Great events are like great performances, great books, great movies, great stories. And every great story has a single voice, an author. Star Wars had George Lucas, TED had Richard Saul Wurman, Harry Potter had J.K. Rowling, and the World Economic Forum in Davos had Klaus Martin Schwab.
Not convinced? You say, our event is to educate, to share ideas, to offer a forum for networking, to host a trade show, to share science. All of this is true and necessary, of course, but it’s not enough.
Every audience, at every event, wants and needs to be entertained, inspired, connected and part of something bigger. Great events have a narrative, a story line, a plot, creative tension, a script, performers, stage hands, roadies—a great event is a show. Yes, it’s a business; it’s show-business.
Want to know how to compete with conference attendance apathy, the proliferation of social media, virtual learning and the number one response to the survey question from non-attendees—“your event is too expensive,” (or it’s too far for me to travel)? The answer is to make it worth it, make it a performance, tell a story, leave your audience wanting more.
This is not possible when you have five departments each doing their own thing, one group in charge of logistics, one group doing the programming, one in charge of marketing, another person responsible for the P&L, and still another group of volunteers and committees who want to help.

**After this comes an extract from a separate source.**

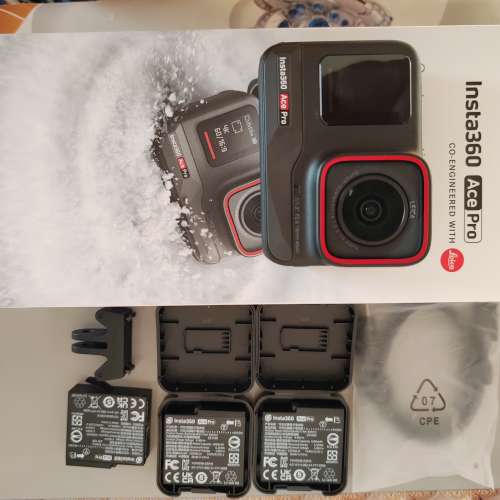 Insta 360 Ace Pro (plus 2 New battery)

No great novel, play, movie or story was ever written by a committee.
It’s time to think about a unified, empowered, inspired and talented author to write your next event. Even trade shows, scientific sessions and educational conferences need a plot and a unified, compelling and aspirational story.
Three tips to get started:
- We always suggest writing an event manifesto, an aspirational anthem, that captures the essence of the audience and the raison d’être of what you are seeking to accomplish by bringing your audience together.

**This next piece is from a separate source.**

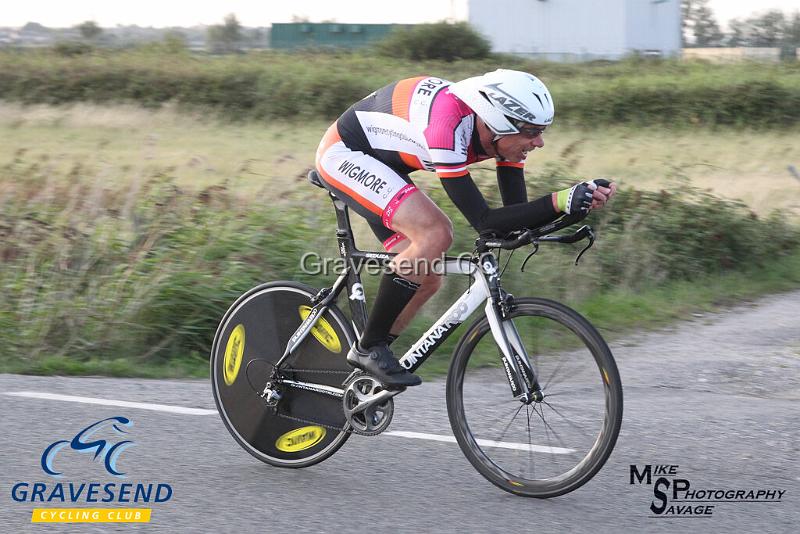 20190820-0396.jpg - Wigmore CC Rider Keith Walker at GCC Evening 10 Time Trial 20-August-2019.  Course Q10/24 Isle of Grain, Kent.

- The author should have creative control and be allowed to have their vision come to life, which is not easy in a bureaucracy or an organization that has to bow to the will of multiple voices. You can honor the voices and incorporate them, but don’t let them dilute the author’s narrative.
- Seek outside advice. Often times, an informed and objective outsider can capture the soul and personality of a live experience better than those closest to it. Political candidates need advisors to channel their voice, heroes need a ghost writer to tell their stories, and great directors need a scriptwriter to bring the story to life.
Who will write the story for your organization’s next live performance?